I share this with you all because I am thoroughly amazed... I mean, I was always the "nice girl" that everyone was friends with in high school and college. Never the super popular, super hot, super *fill in the blank* girl that everyone wanted to date. But things have changed as of late. All of a sudden, I've gone from no interest to the college crowd to dating a score of late 20's- early 30-somethings.

Why? Here is my theory on all of this (based on a few tenets which will be denoted with *letters).

During the past four years, I was off the market (in a serious committed relationship). I gave off major "not available" vibes, I'm sure. After breaking up with my boyfriend, I decided I wanted to make some guy pals to fill the man-void in my life.

*A - The New Guys- I joined a few social organizations and met some nice people. This inevitably leads to multiple friendships. I made it clear up front to these guys that I was recently out of a relationship and not ready to seriously date anyone right now - I was merely looking for good friends. They respected this, but, like all humans, they were most likely attracted to that which they could not have. I was a challenge. Also, by being the "shoulder" that I could lean on, they formed an attachment to me because of seeing my hurt, which inevitably made them want to heal the hurt - with love, perhaps? Or maybe just with some sex. I don't know. They wanted to prove that they were the better man when compared to my ex. The man that wouldn't hurt me, and that would be there for me. It slowly became an unspoken battle of testosterone, if you will... the former man of my life vs. the current men.

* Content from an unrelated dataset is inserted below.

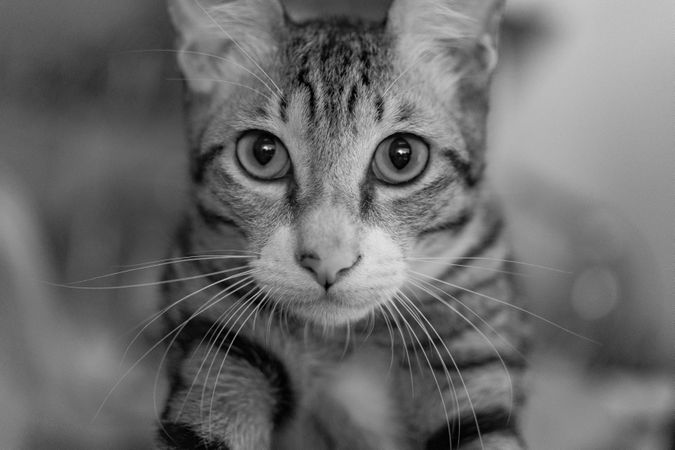 Black And White Photo Of Cat Portrait Photo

*B - The Old "Friends" - Now that I am single again, some of my guy friends that were formerly interested in me have started their pursuits again. I talked to one last week that I haven't talked to since starting to date Mike (we're talking YEARS here). He totally changed his demeanor when he found out I was single again. And now he calls every few days and wants to "hang out." Gotta love that phrase... and his persistence after 4 years!

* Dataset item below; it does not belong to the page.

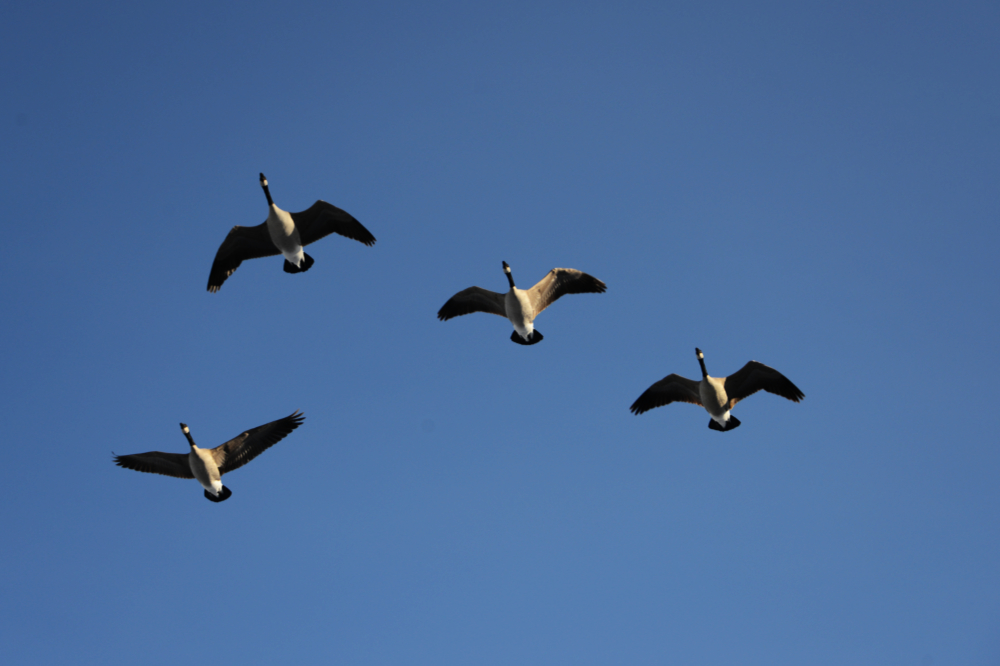 Canada geese flying over Calgary, Alberta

Emily and I before meeting for a double date this summer.


*C- The Older Guy - This one is really true, and probably the crux of the theory. In high school and college, I was the Nice Girl (like I said above). I wasn't the hot one, or the one who put out, or the one who would do drugs/substances, etc. In high school and college, that isn't necessarily cool with guys.

But then they hit their 30s. They realize that they're not getting any younger. They realize that the "hos" they went after in college are not the type of girl they want to take home to mom. They want a nice girl. And voila! The mid-20s Nice Girl like me is all of a sudden the IT girl!Amazing!

*D- The Blind Date (i.e. - the men related to older women who love me) -
The final source of men in my life is amazingly enough, through the women I keep company with. I take a skating class with mostly 50 - 60 year-old women and I deal with several middle-aged women through my job. These woman have sons. And nephews. And grandsons. And inevitably, they will approach me about dating their "absolutely wonderful" son/nephew/grandson/etc. because I am so wonderful myself. Again, props to the Nice Girl!

Pretty scary to be already have been pre-screened before even meeting the guy. I have two men that fall into this category. (both from random phone calls from their older-woman-pusher).


In conclusion (based on my summer experiences), the best way to meet guys is by getting out there and taking care of yourself. Have fun, get involved in activities you enjoy, and don't be shy to make some new friends in strange places. Make it your goal to be the nicest and and most fun person that you know. And then grab your cell phone and hit the streets knowing that he WILL call. Because what busy girl has time to sit at home by the phone and wait for it to ring? We live in the age of voice mail, ladies!

2 Comments:

  • At 2:37 PM, Anonymous Anonymous said…

    This comment has been removed by a blog administrator.

     
  • At 3:00 PM, Anonymous Anonymous said…

    Rock on, K! It sounds like you've got it down to a science already. Glad to hear you're so much in de-MAN-d.

    (Oh, and you should change the settings on your blog to prevent all that spam from showing up.)